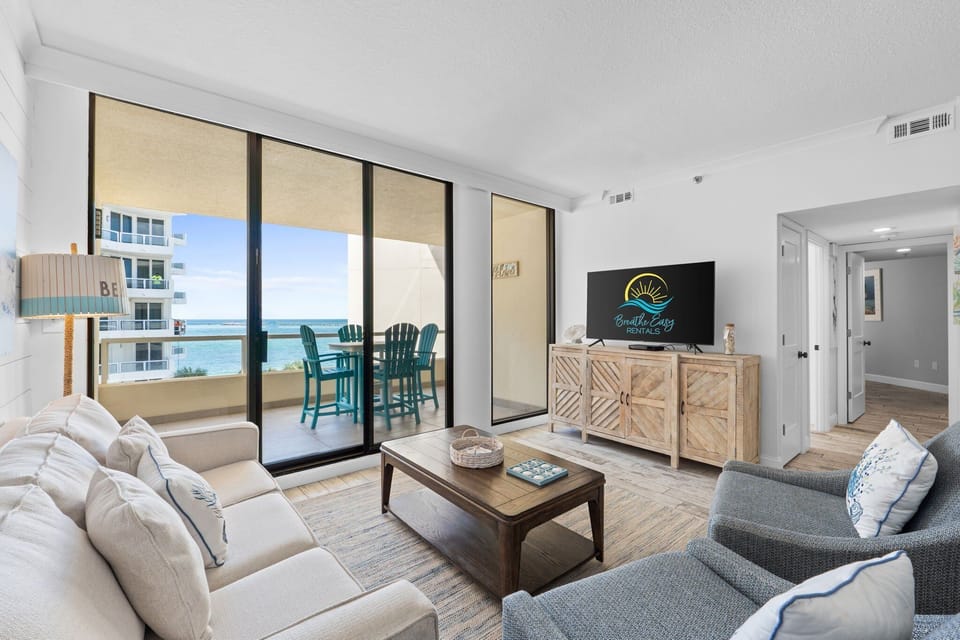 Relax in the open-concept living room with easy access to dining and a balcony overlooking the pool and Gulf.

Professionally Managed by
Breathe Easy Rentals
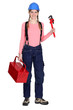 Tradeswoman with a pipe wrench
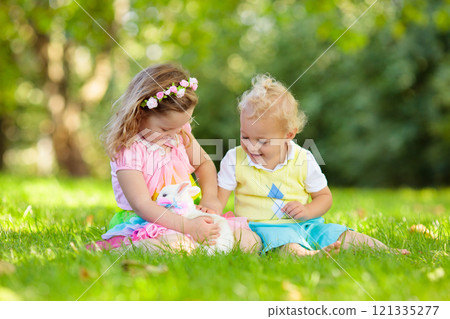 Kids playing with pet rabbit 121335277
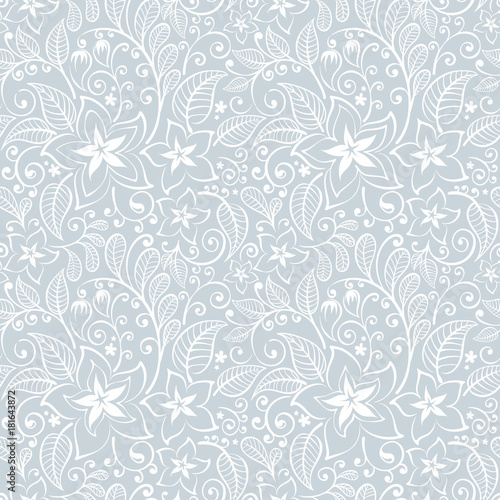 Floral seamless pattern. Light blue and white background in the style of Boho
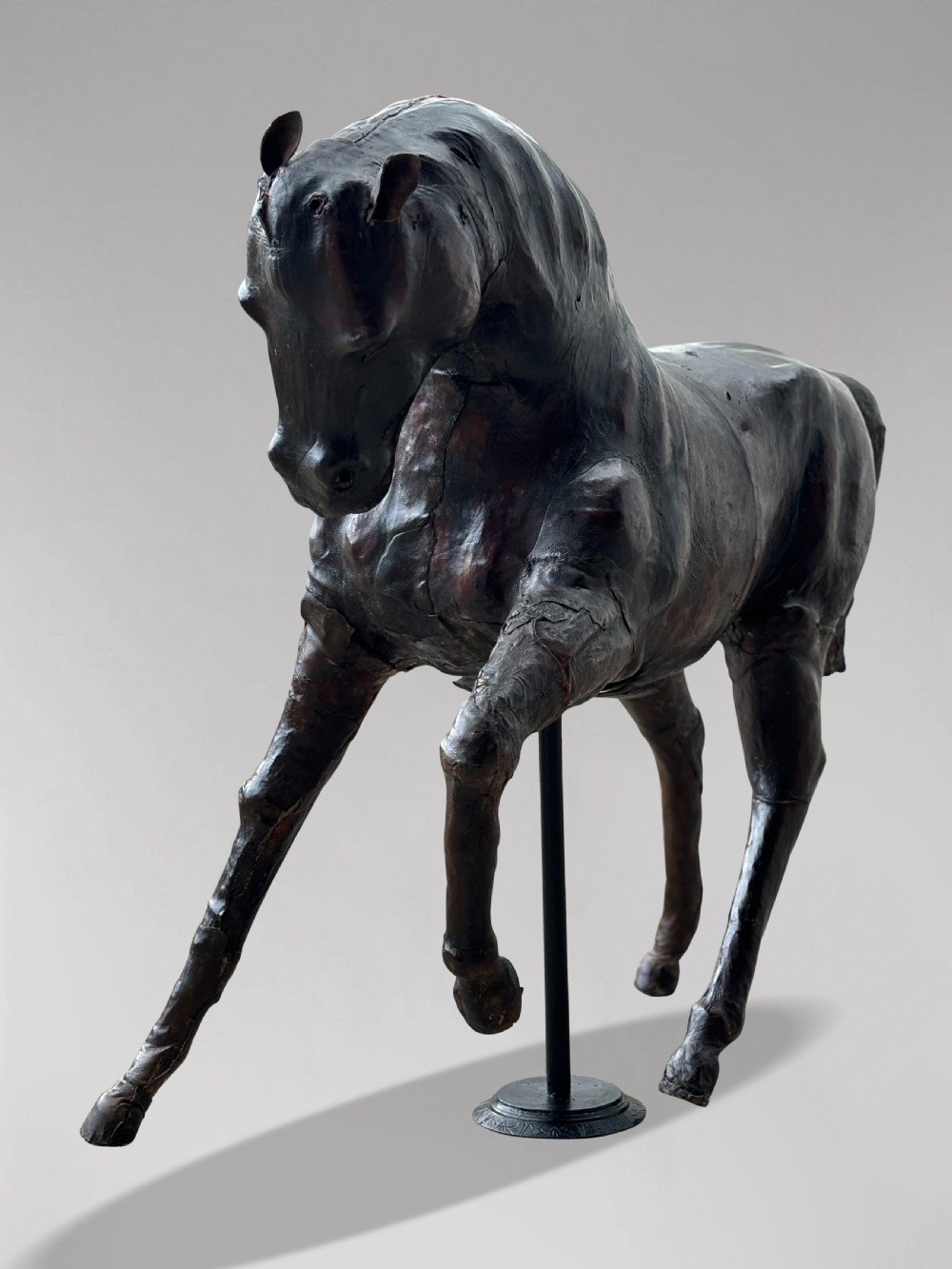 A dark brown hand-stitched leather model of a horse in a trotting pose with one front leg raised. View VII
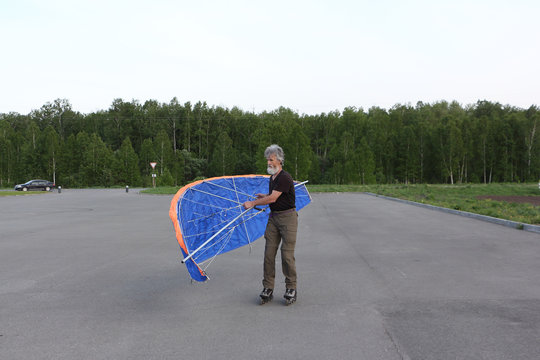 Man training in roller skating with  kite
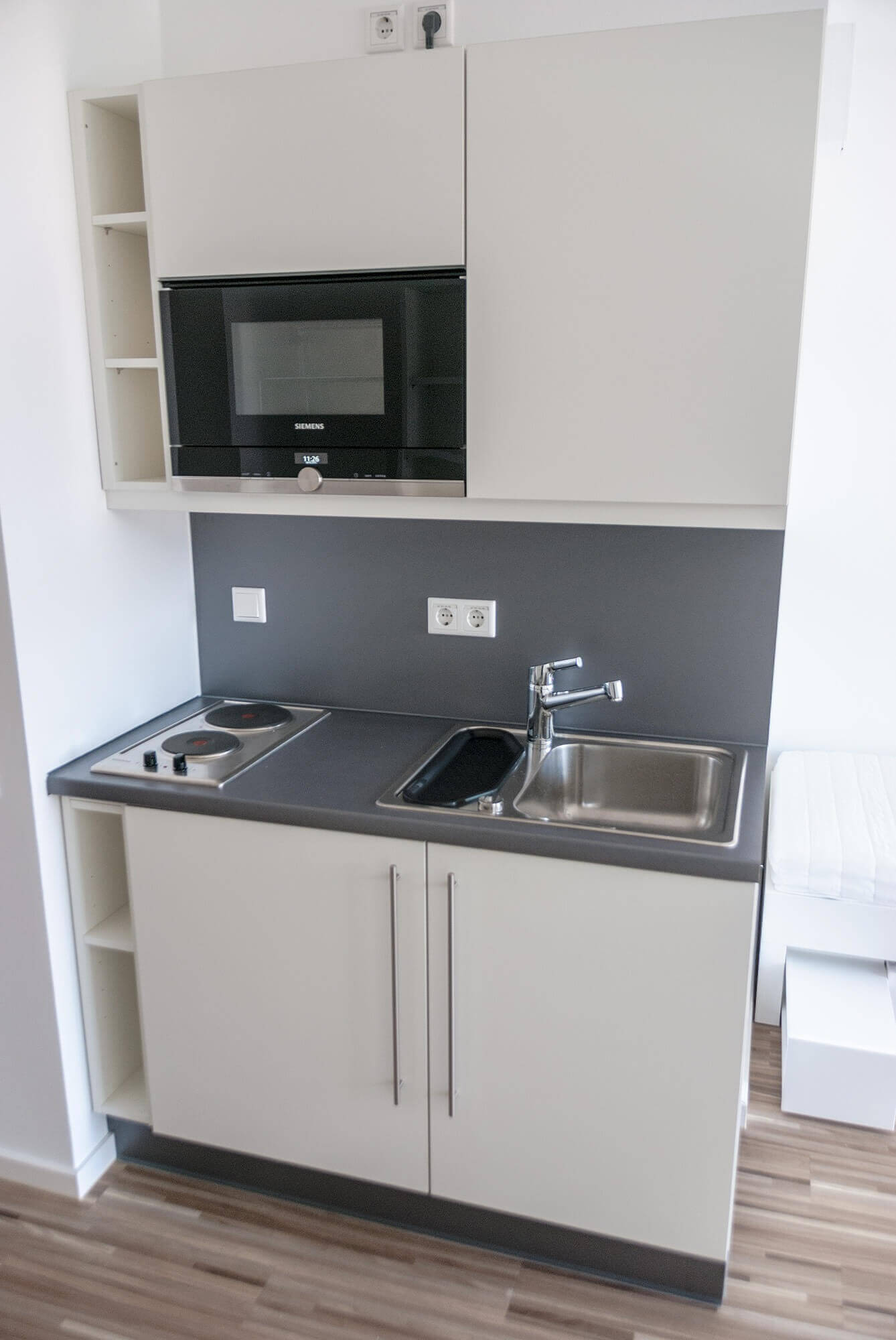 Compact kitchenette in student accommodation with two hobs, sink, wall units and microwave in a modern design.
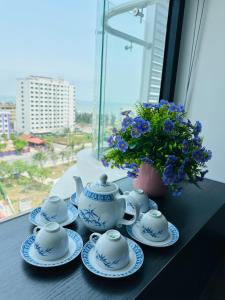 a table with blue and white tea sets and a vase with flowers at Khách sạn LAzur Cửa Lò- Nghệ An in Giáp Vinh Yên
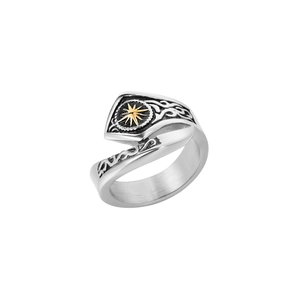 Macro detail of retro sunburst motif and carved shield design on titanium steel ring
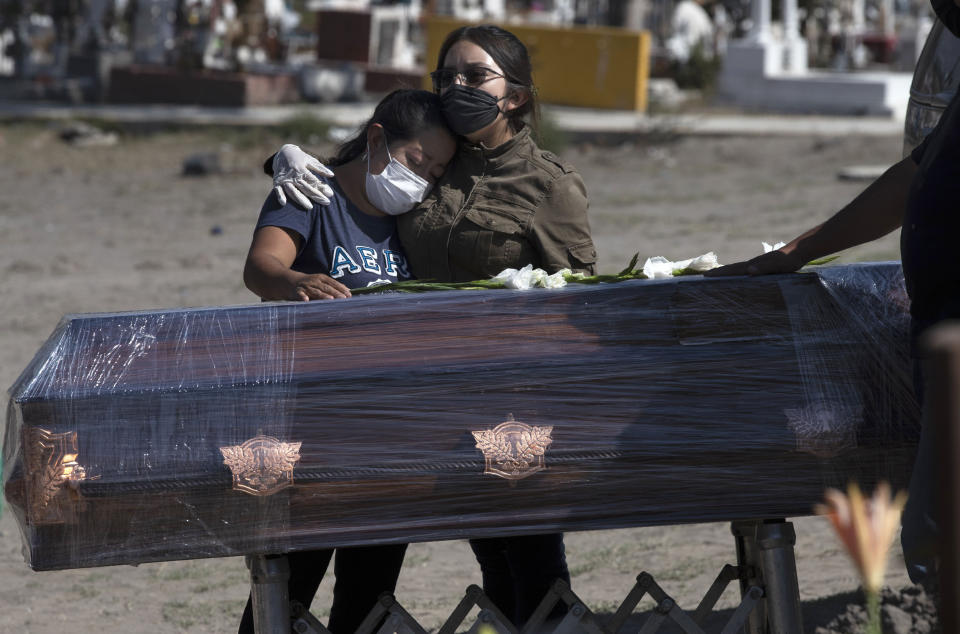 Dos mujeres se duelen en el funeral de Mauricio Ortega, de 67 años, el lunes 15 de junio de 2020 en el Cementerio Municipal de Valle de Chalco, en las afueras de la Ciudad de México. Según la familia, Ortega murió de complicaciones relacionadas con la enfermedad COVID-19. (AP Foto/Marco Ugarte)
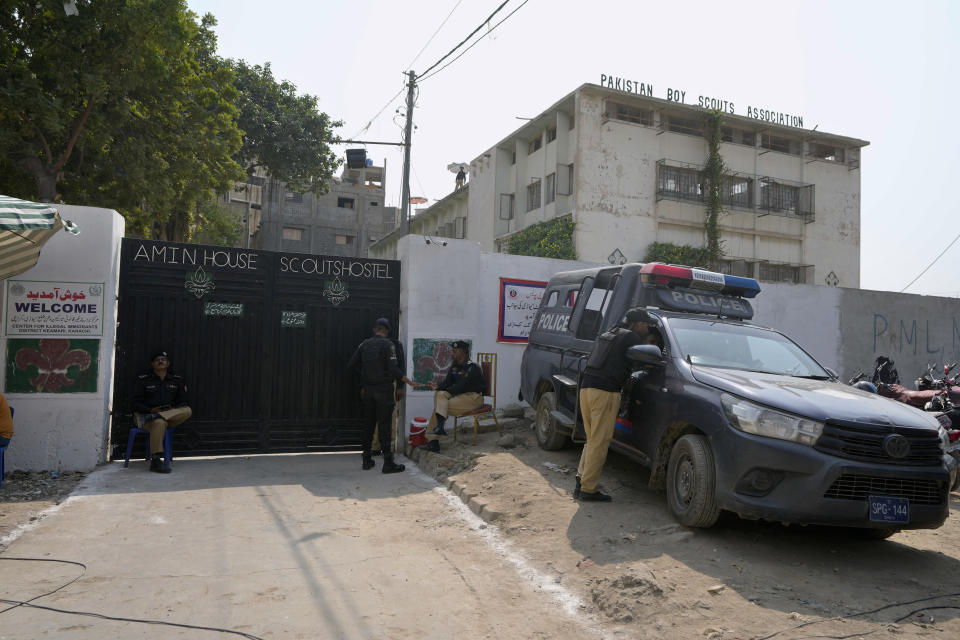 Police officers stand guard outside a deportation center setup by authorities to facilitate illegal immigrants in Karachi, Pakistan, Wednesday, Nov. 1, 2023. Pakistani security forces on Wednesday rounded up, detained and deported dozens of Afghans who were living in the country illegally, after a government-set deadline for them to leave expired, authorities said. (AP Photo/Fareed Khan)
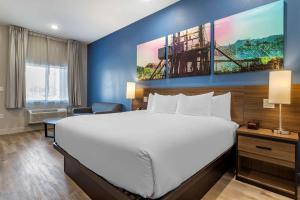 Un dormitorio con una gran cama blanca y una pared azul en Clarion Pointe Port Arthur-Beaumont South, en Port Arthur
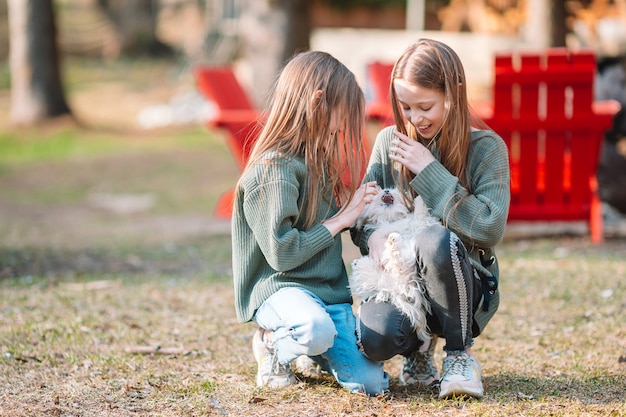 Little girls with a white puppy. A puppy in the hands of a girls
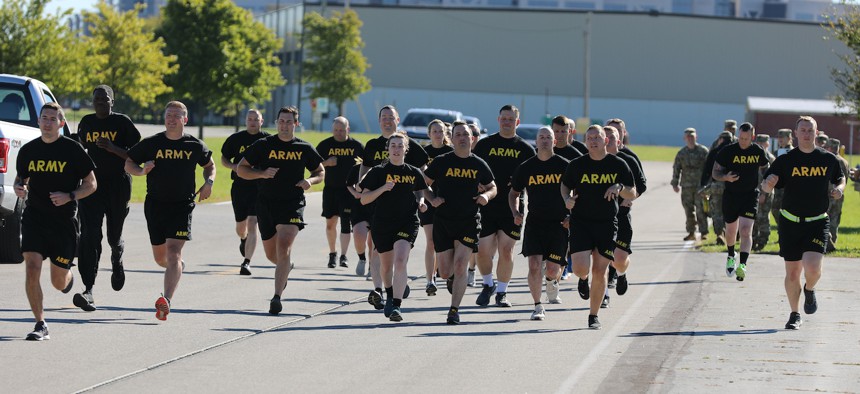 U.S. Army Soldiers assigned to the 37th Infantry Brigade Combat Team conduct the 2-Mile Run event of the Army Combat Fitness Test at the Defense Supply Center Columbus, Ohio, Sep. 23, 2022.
• • • • • • •
**YOUR ASSIGNMENT**
Only the text of the records belongs in the answer; reproduce it verbatim, with no pictures.

**COMPLETED TASK**
 Relax in the open-concept living room with easy access to dining and a balcony overlooking the pool and Gulf.

Professionally Managed by
Breathe Easy Rentals
 Tradeswoman with a pipe wrench
 Kids playing with pet rabbit 121335277
 Floral seamless pattern. Light blue and white background in the style of Boho
 A dark brown hand-stitched leather model of a horse in a trotting pose with one front leg raised. View VII
 Man training in roller skating with  kite
 Compact kitchenette in student accommodation with two hobs, sink, wall units and microwave in a modern design.
 a table with blue and white tea sets and a vase with flowers at Khách sạn LAzur Cửa Lò- Nghệ An in Giáp Vinh Yên
 Macro detail of retro sunburst motif and carved shield design on titanium steel ring
 Dos mujeres se duelen en el funeral de Mauricio Ortega, de 67 años, el lunes 15 de junio de 2020 en el Cementerio Municipal de Valle de Chalco, en las afueras de la Ciudad de México. Según la familia, Ortega murió de complicaciones relacionadas con la enfermedad COVID-19. (AP Foto/Marco Ugarte)
 Police officers stand guard outside a deportation center setup by authorities to facilitate illegal immigrants in Karachi, Pakistan, Wednesday, Nov. 1, 2023. Pakistani security forces on Wednesday rounded up, detained and deported dozens of Afghans who were living in the country illegally, after a government-set deadline for them to leave expired, authorities said. (AP Photo/Fareed Khan)
 Un dormitorio con una gran cama blanca y una pared azul en Clarion Pointe Port Arthur-Beaumont South, en Port Arthur
 Little girls with a white puppy. A puppy in the hands of a girls
 U.S. Army Soldiers assigned to the 37th Infantry Brigade Combat Team conduct the 2-Mile Run event of the Army Combat Fitness Test at the Defense Supply Center Columbus, Ohio, Sep. 23, 2022.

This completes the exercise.